• Work item: With pictures left out, set down every record word for word.

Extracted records
<<<<
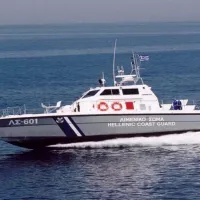 λιμενικο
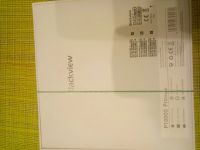 Лот: 13957569. Фото: 2. Blackview P10000 Pro обмен на... Смартфоны, связь, навигация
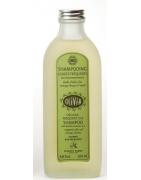 Olivia shampoo dagelijks gebruikShampoo3298659747019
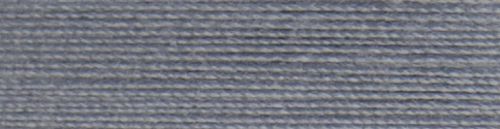 084 Coats Moon 120 Spun Polyester Sewing Thread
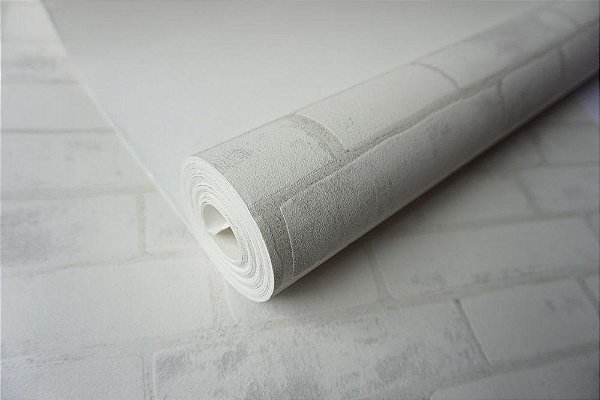Papel de Parede BERLIM BER-82803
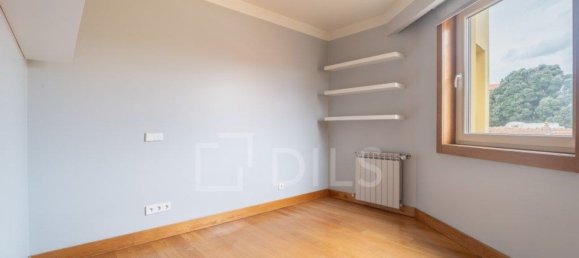 3 Schlafzimmer Wohnung in Porto, Portugal, Nr. 97390 46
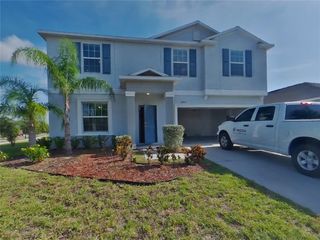 6804 TRENT CREEK DRIVE, Sun City Center, FL 33573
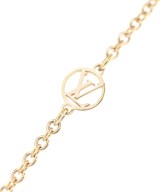 LOUIS VUITTON（ルイヴィトン）ネックレス ゴールド サイズ:- レディース/2200715702895
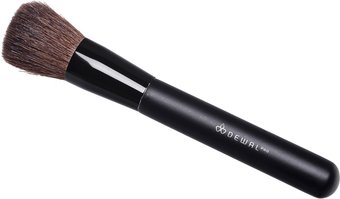 Кисть Dewal BR-508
>>>>
• Written solution:
 λιμενικο
 Лот: 13957569. Фото: 2. Blackview P10000 Pro обмен на... Смартфоны, связь, навигация
 Olivia shampoo dagelijks gebruikShampoo3298659747019
 084 Coats Moon 120 Spun Polyester Sewing Thread
Papel de Parede BERLIM BER-82803
 3 Schlafzimmer Wohnung in Porto, Portugal, Nr. 97390 46
 6804 TRENT CREEK DRIVE, Sun City Center, FL 33573
 LOUIS VUITTON（ルイヴィトン）ネックレス ゴールド サイズ:- レディース/2200715702895
 Кисть Dewal BR-508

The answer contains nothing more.